> _Required work_: Only the lines below from the one containing "Hyundai i30 1.5 DPI Classic + - 16" to the one containing "Платье-рубашка с принтом" should be repeated, both included and unchanged.
=-=-=-=-=
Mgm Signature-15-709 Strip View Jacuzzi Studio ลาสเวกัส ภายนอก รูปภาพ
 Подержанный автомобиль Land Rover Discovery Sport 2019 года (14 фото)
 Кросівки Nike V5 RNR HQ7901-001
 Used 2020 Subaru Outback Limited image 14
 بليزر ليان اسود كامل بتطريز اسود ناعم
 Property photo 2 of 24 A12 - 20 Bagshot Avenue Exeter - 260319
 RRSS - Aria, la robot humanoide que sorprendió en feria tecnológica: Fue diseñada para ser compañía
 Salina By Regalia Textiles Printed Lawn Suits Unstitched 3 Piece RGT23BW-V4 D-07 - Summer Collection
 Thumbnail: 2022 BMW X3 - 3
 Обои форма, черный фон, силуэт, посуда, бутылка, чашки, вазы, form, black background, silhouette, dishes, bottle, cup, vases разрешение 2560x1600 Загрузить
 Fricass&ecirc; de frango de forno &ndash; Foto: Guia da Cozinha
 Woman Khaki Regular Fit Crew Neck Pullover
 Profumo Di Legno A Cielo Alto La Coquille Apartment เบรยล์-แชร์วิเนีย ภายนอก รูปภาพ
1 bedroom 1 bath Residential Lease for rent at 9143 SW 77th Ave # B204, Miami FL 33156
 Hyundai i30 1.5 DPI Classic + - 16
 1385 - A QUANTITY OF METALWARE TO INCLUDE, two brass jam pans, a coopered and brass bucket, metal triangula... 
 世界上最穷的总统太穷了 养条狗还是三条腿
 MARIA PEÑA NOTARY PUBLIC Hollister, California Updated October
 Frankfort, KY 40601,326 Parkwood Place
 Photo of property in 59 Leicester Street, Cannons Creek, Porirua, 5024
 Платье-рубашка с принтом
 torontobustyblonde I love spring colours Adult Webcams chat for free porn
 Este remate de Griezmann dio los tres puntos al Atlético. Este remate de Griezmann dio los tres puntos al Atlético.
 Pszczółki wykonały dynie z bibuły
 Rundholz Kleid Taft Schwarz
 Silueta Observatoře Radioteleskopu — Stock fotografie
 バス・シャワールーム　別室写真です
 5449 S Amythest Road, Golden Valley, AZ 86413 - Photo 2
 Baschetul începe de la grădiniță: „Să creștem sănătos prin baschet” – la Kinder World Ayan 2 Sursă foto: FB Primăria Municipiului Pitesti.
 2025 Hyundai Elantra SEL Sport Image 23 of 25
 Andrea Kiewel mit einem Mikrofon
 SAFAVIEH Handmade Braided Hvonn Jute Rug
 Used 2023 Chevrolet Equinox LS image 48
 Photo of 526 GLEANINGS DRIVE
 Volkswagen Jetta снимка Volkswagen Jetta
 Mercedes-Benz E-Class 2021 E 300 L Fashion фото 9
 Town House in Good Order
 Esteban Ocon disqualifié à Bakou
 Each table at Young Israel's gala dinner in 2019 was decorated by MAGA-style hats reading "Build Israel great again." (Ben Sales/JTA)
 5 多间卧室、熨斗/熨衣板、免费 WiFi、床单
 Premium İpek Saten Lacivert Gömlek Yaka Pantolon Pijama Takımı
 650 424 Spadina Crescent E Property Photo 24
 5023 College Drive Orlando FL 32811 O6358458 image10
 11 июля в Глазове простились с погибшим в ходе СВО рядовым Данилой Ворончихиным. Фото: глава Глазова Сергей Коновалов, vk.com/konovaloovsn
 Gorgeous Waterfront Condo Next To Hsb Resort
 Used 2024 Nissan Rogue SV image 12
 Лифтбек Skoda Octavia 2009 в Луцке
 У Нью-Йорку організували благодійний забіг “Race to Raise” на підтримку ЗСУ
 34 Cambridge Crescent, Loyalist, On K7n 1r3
=-=-=-=-=
> _Expected answer_:
 Hyundai i30 1.5 DPI Classic + - 16
 1385 - A QUANTITY OF METALWARE TO INCLUDE, two brass jam pans, a coopered and brass bucket, metal triangula... 
 世界上最穷的总统太穷了 养条狗还是三条腿
 MARIA PEÑA NOTARY PUBLIC Hollister, California Updated October
 Frankfort, KY 40601,326 Parkwood Place
 Photo of property in 59 Leicester Street, Cannons Creek, Porirua, 5024
 Платье-рубашка с принтом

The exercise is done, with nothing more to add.